Game Backend Deep Dive – Mortal Kombat X & Injustice 2

Deep dive on rollback netcode found in Mortal Kombat, from Mike Stallone's talk at GDC 2017.

Key Insights

From Dynamic to Fixed Latency: Switching from variable 5-to-20-frame input latency to a fixed 3-frame delay was the core player experience “win”. As it helped ensure predictability given matters as much as raw responsiveness in a fighting game.
Rollback Performance is Multiplicative: Every optimization applied to simulated frames pays off up to 8x compared to the render frame alone, demanding a complete rethink of the performance budget.
Determinism Enables Everything: Bit-for-bit determinism isn't just a correctness requirement. It is, per Stallone, what makes offline desync debugging, match replay, and the entire rollback model possible.
Benchmark Against Reality, Not Worst Case: NetherRealm spent months optimizing for a scenario that almost never occurs in practice; real beta telemetry and an understanding of human input cadence corrected the target entirely.
Particles and Desyncs Need Dedicated Systems: Naive re-simulation of non-deterministic particle effects produces broken visuals at scale, and rollback-induced desyncs require first-class tooling to catch and fix quickly.

Michael Stallone, now Director of Technology at NetherRealm Studios and then Lead Software Engineer on the engine team, delivered a GDC 2017 presentation a detailing how NetherRealm switched the network model of Mortal Kombat X and Injustice 2 from lockstep to rollback in a live patch (explanation of each technique here), across roughly seven to eight man-years of engineering effort.

Indirectly, this highlights best practices that any game studio, big or small, can apply to their multiplayer to improve its online architecture and player experience. Let's roll back to the beginning.

From Unpredictable to Fixed: The Player Experience Case for Rollback

The reason NetherRealm switched wasn't purely technical. It’s because players were unhappy.

Under lockstep, input latency was dynamic. It fluctuated between 5 and 20 frames depending on network conditions at any given moment.

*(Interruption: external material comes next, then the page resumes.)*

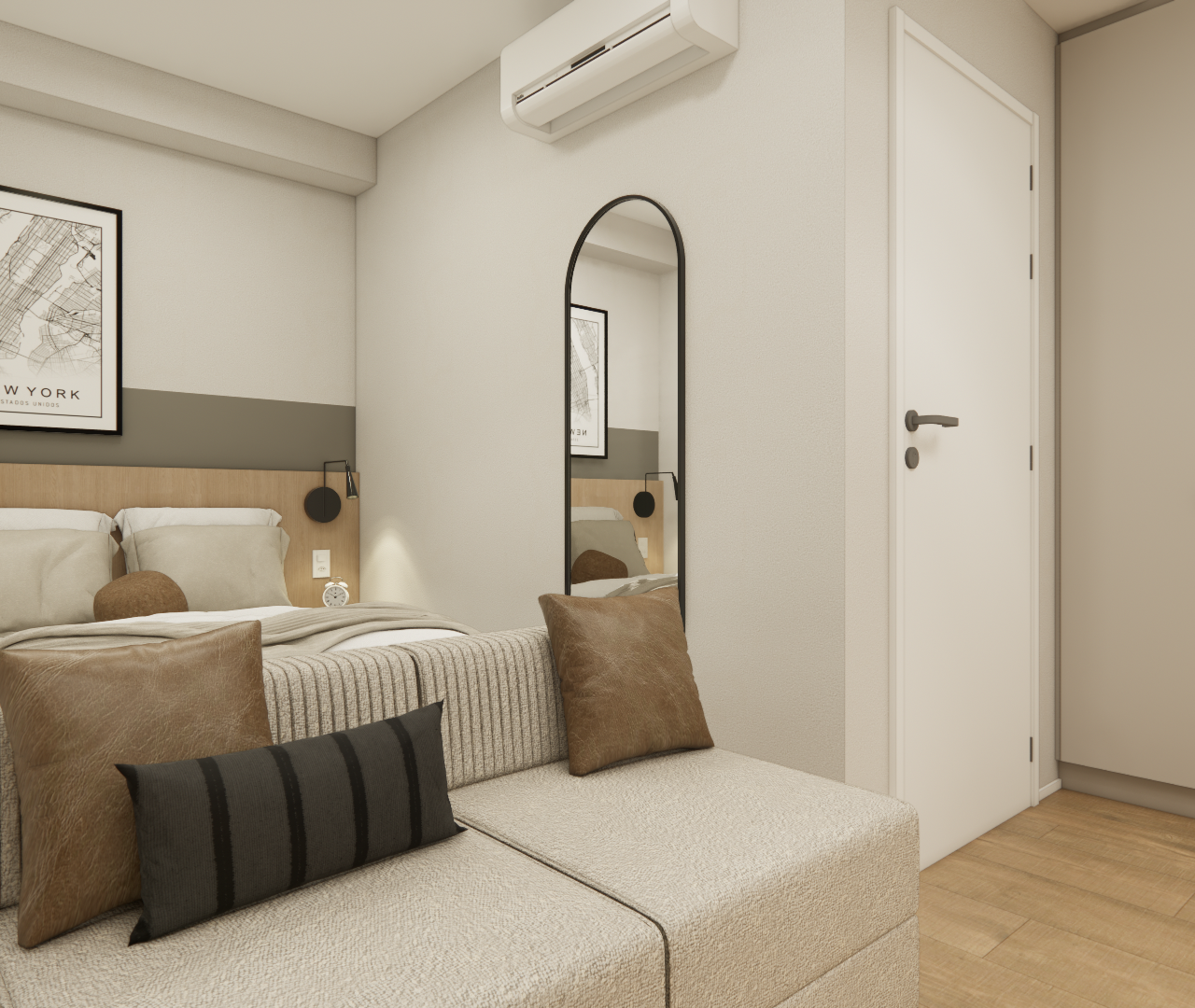 Render 3D de quarto no NEX ONE Estação Perdizes, com cama, sofá, marcenaria em tons neutros, madeira e iluminação suave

For a fighting game like Mortal Kombat, that's a serious problem. Players execute combos with a specific button cadence and expect it to work the same way every time. When the delay shifts mid-fight, muscle memory stops working. The cadence breaks.

Critically, which impacts the feedback loop to game developers, players weren’t describing this as "high latency," they just described it as the game feeling wrong.

The switch to rollback delivered three fixed frames of input latency, supporting up to ten total frames of network latency (333 milliseconds of round-trip time) before the game pauses.

Predictability, not just low latency, is what fighting game players need. A fixed 5-frame delay beats a dynamic 3-to-15-frame delay every time.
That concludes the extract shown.